Chaos and unpredictability are not new to the human experience. In the Old Testament, God's people experienced a series of battles, famines, enslavements and other seemingly insurmountable circumstances. In each story God came through for his people but only after they had suffered and nearly lost hope. In the modern world we need look no further than the evening news to see chaos of all forms reported in detail. Here in modern America we usually have problems of lesser scope than the Old Testament or the Third World. Our typical problems are still substantial enough however to make us lose sleep. Possibilities of unemployment, under performing 401k retirement plans, health concerns and on and on occupy the minds of a typical family.
Then we take up the case of the family with a mentally ill member or two. Those special family members are more prone than the general population to volatility in their employment, their relationships and their overall health. They often lack motivation or insights sufficient to succeed at the more challenging tasks of adult life. Mistakes that some others would learn from and move on may be repeated time and time again. Addiction and substance abuse challenge a high percentage of the mentally ill community.
So how should we as caregivers and stewards of our mentally ill family members manage without either falling into despair, or, as some have done, over committing ourselves in unhealthy ways? I've found some success with three concepts: Prayer, Stewardship, and Margin. You may be thinking “Hey wait a minute. This is a Christian blog. I expected to see words like prayer and stewardship but what is this margin business? Sounds like something from an MBA program.”
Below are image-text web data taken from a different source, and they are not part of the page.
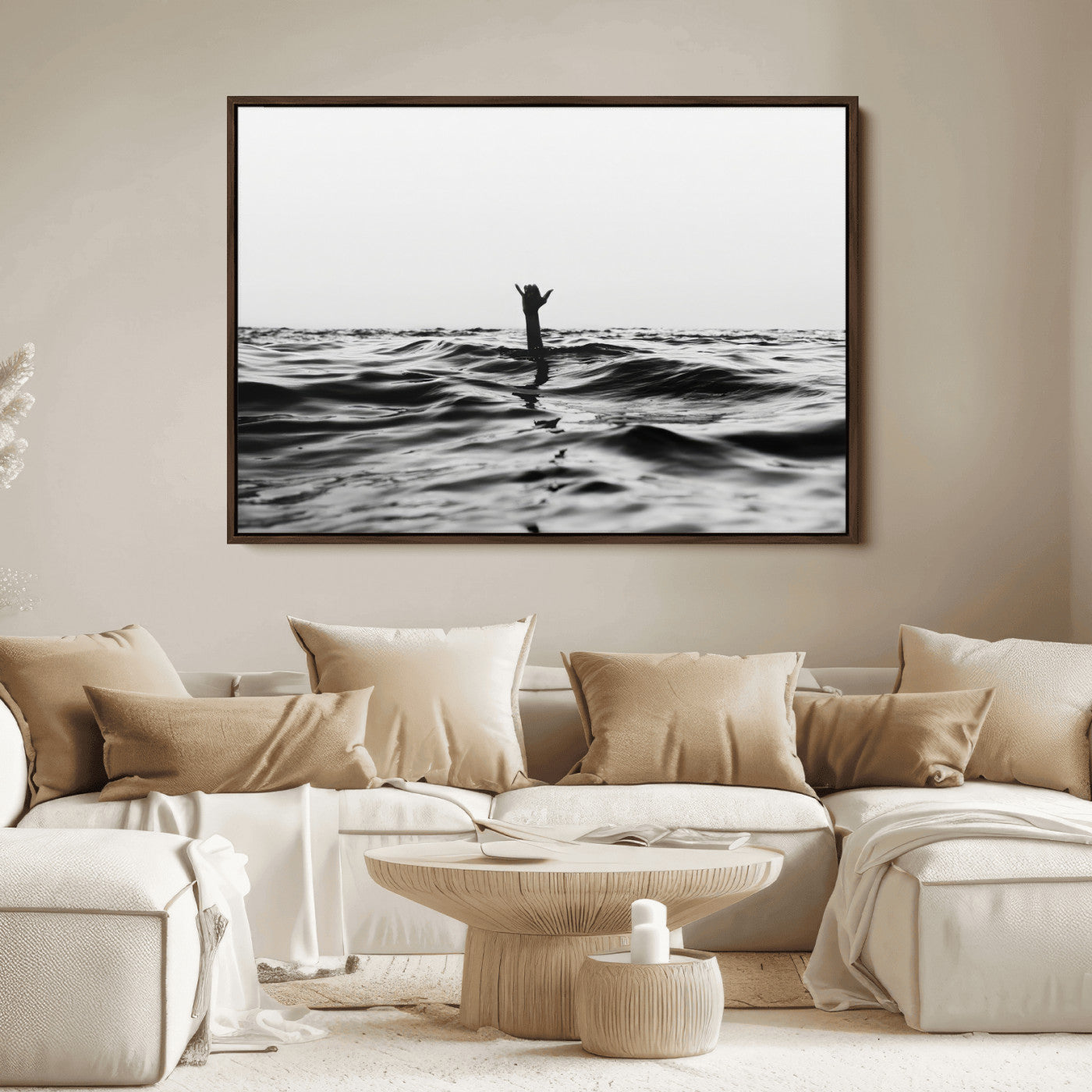 Black and white ocean with a hand making a surfer sign among dark waves, creating a dramatic and minimalist seascape with bold contrast.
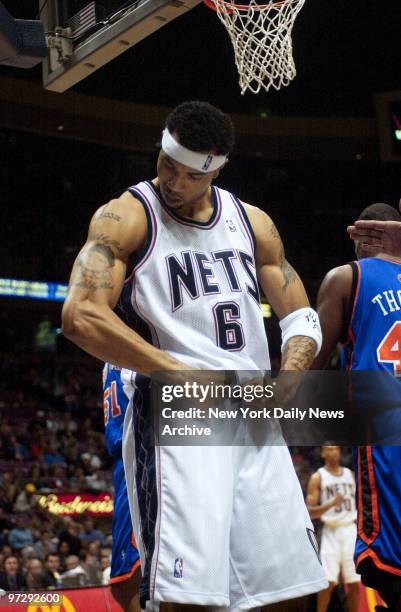 New Jersey Nets' Kenyon Martin flexes his muscles after making a shot during game against the New York Knicks at Continental Airlines Arena. Martin...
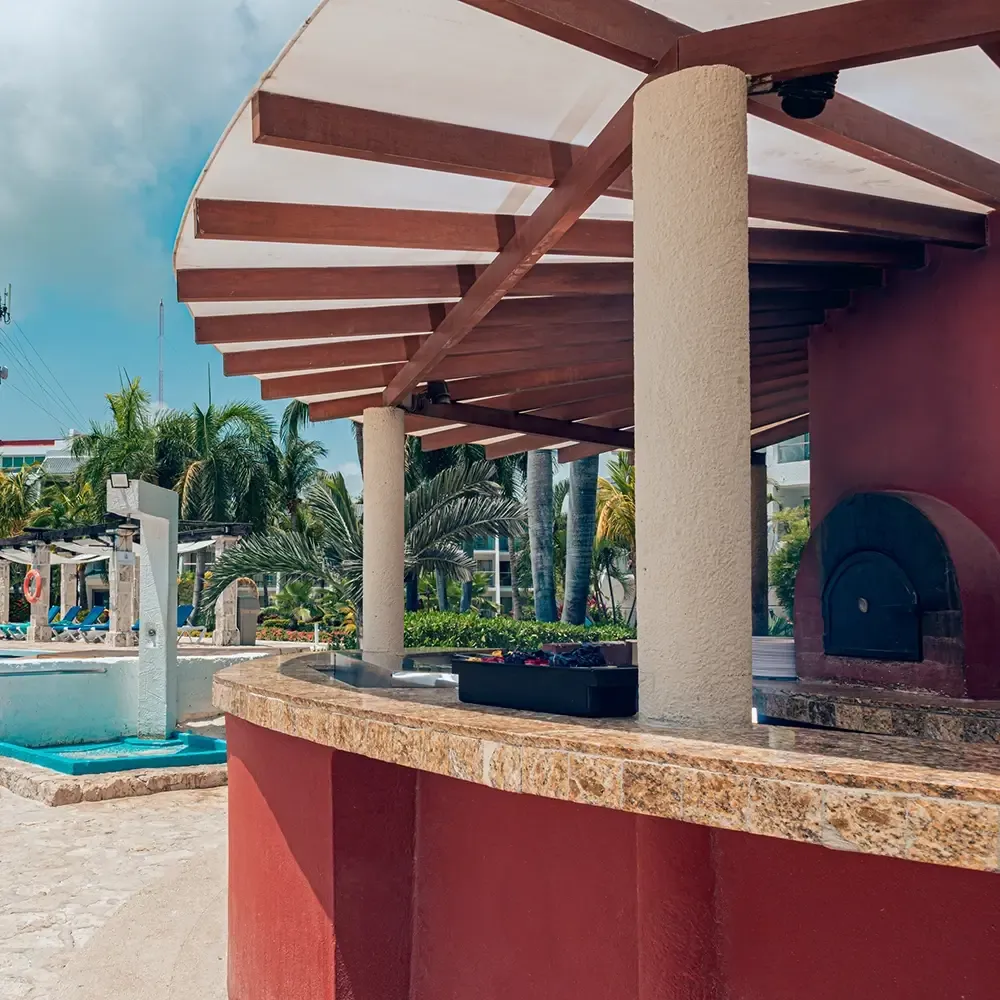 Sunset World Resorts: Corporativa - Outdoor bar and pizza oven by the pool with palm trees.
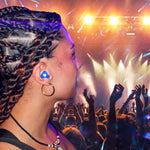 Person with braided hair at a concert with bright lights and crowd in the background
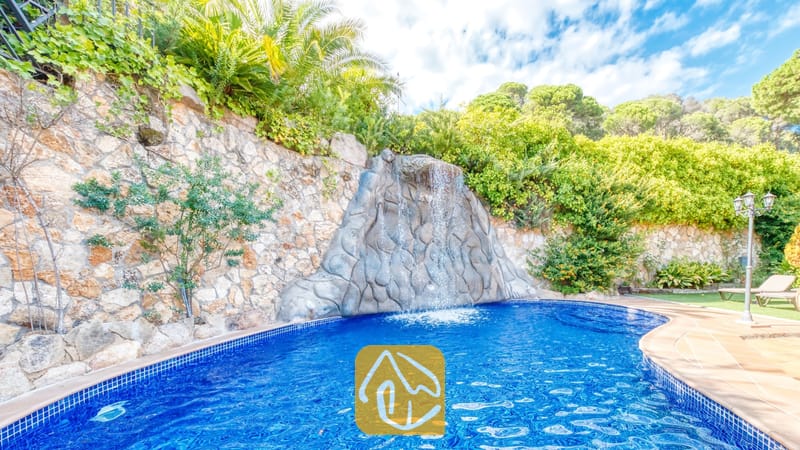 Vakantievilla's Costa Brava Spanje - Villa Alba - Een rotswaterval die uitmondt in een blauw getegeld zwembad bij Villa Alba, omringd door stenen keermuren en groen loof onder een licht bewolkte hemel.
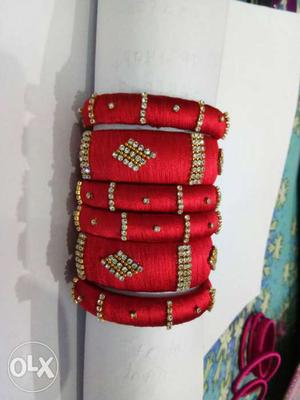 Six Red And Grey Embossed Silk Thread Bracelets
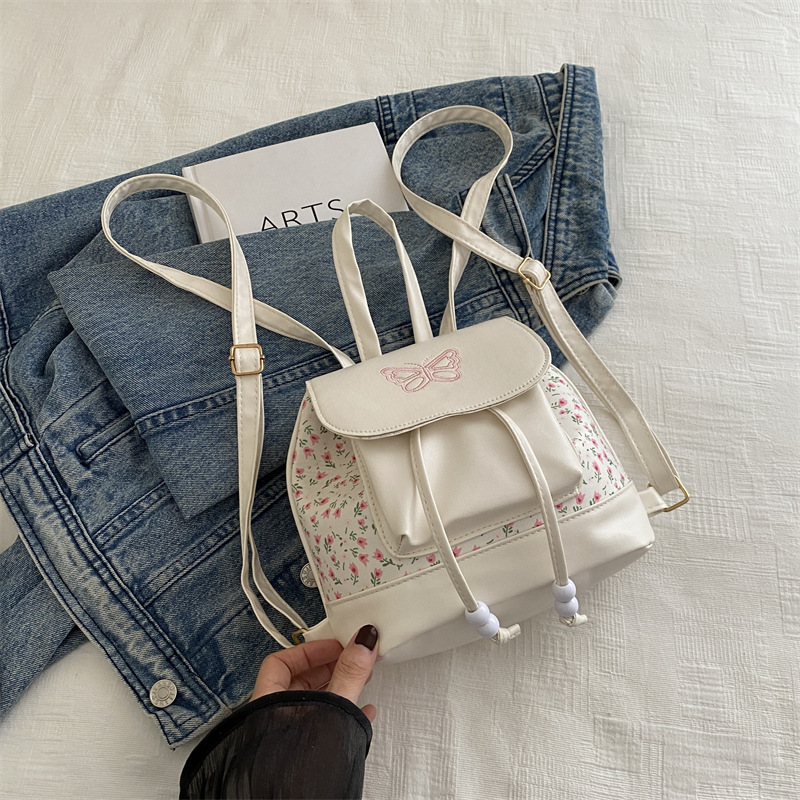 Mochila para niñas 2024 nuevo estilo de diseño de moda nicho mini pequeño blanco ligero lindo mochila de compras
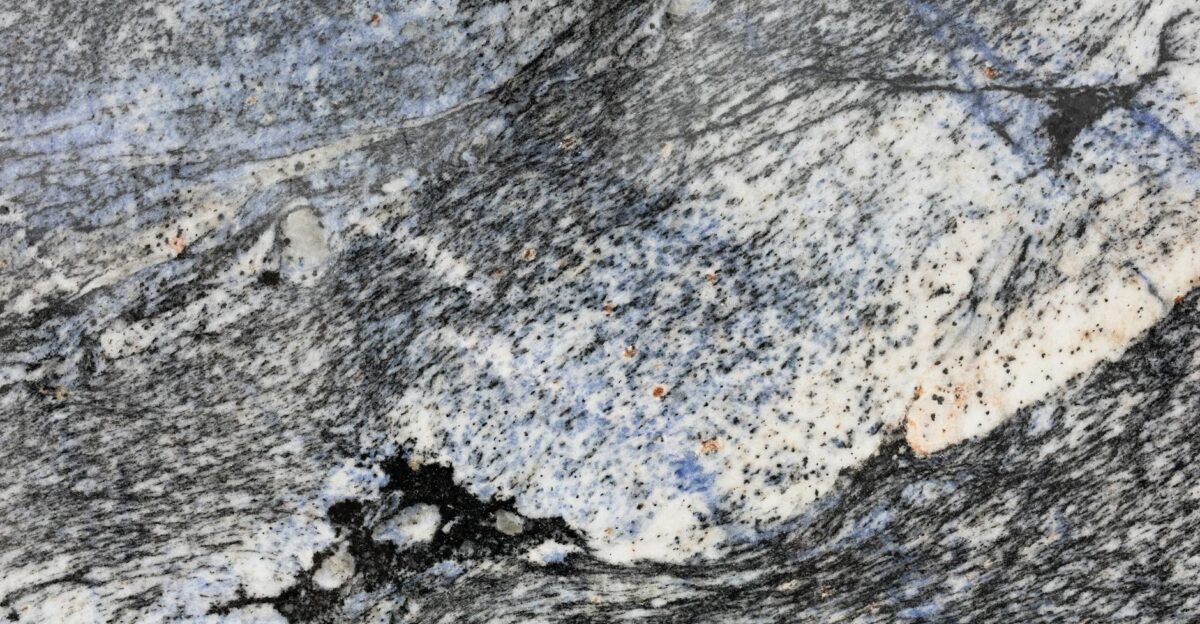 Detailed close-up of a textured granite surface showcasing natural patterns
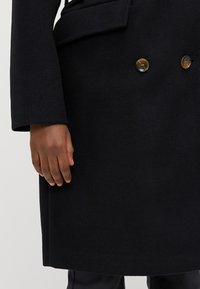 Dobbeltradet svart ullkåpe med to brune knapper, lommepatch og tilpasset passform, som viser en hånd som hviler på stoffet.
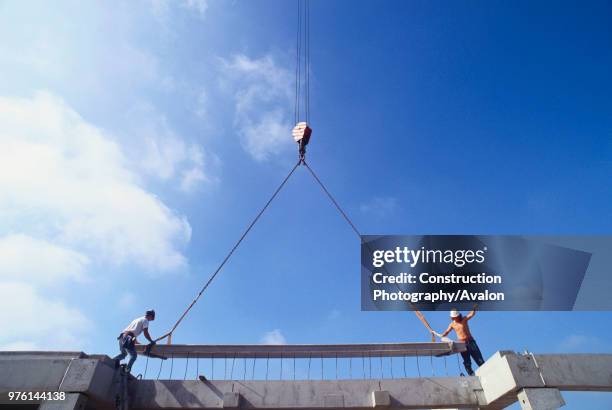 Placing of prefabricated concrete deck section on building.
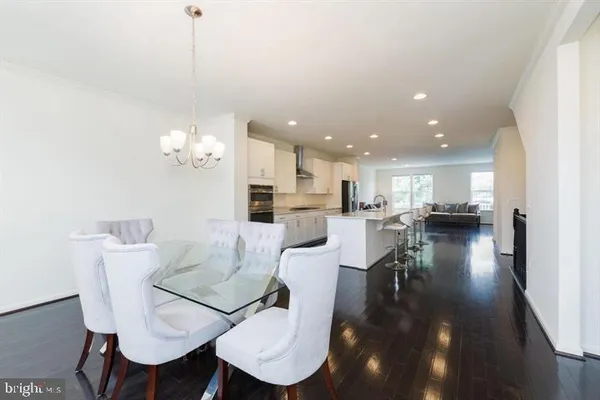 a view of a dining room and livingroom with furniture wooden floor a chandelier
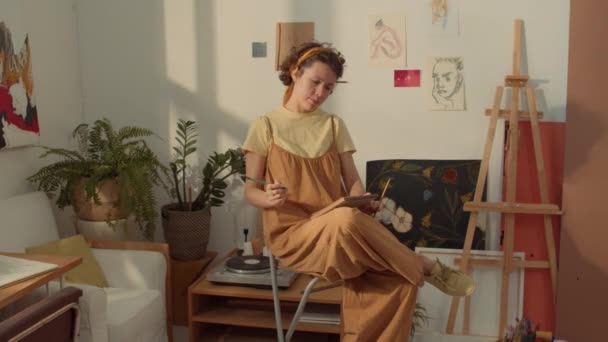 カーリーヘアの若い白人女性のミディアムフルショット アートスタジオのハイスツールに座ってジャンプスーツ 鉛筆でスケッチブックを描いた後 ペンシルベニアフェイスで窓を見下ろす — ストック動画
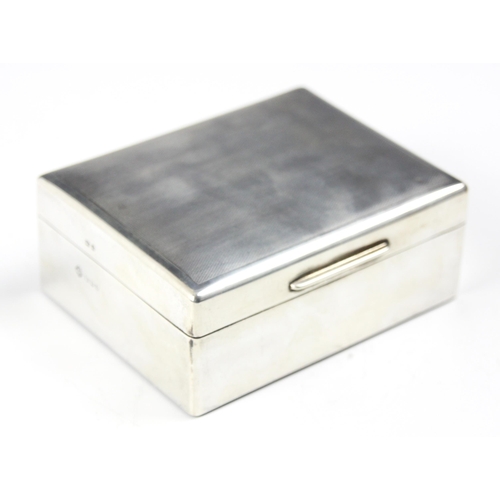 126 - A silver mounted cigarette box, Asprey & Co Ltd, London 1959, the engine turned hinged cover opening...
Prayer and faith are staples of the Christian life. God loves you. He loves your mentally ill family member. And as hard as his plan may be to understand some days, we can all count on the fact that he is working things out for our well being in eternity.
Stewardship sounds simple enough. None of us wants our family member living under a bridge or on the street regardless of what he or she may have done or not done. Most of us will go to great lengths to see that our mentally ill family member has as good a life as possible.
This is where the margin concept becomes important. As caregivers, it can be tempting to make bold and generous commitments of our time and resources to“set things right”for our family member. Where this is likely to fall apart is when all the time and resources have been committed only to have a new problem crop up. I propose that as responsible caregivers we need to hold in reserve some time and some resources as margin against the next unforeseen event. Remember I started this article with commentary on chaos and unpredictability and the propensity of our family members to have more than the typical amount of both.
So what does margin look like where the rubber meets the road? It may be more helpful to pose these ideas as a series of questions to consider since each family is different.
• Have you planned your family budget so you can cover a year or so of doctor and medication costs in the event your loved ones health insurance or government benefits are disrupted?
• For your loved ones transportation needs, would a basic cell phone and a bus or subway pass provide the basics for now?
• Would the use of your spare room or help with basic rent keep them safe without the risk or long-term commitment associated with buying a house or condo?
• Would a group session be sufficient or perhaps even more beneficial than one-on-one counseling?
• Would a couple of semesters at community college make a good low risk way to see how they can perform in a college environment?
• What community or support group resources may be available to my loved one in lieu of fee for service providers.
• Have you talked to an attorney about setting up a trust to ensure the resources you leave behind when you die are managed for your loved one's benefit and according to these same principles?
• What do you need to do to keep yourself well and strong so you are in good shape if your loved one has a crisis?
Remember the idea here is not to be as cheap as possible but rather to provide stewardship of basic needs while retaining some margin in the time and resource budget to account for changing circumstances. If it sounds a little to you like a survival plan that is because it is a lot like a survival plan. One for you and your loved one.
Prayer, stewardship, and margin. Please let us know if you have ideas or examples of creative ways to cover you loved ones basic needs while still holding a little in reserve for that“rainy day.”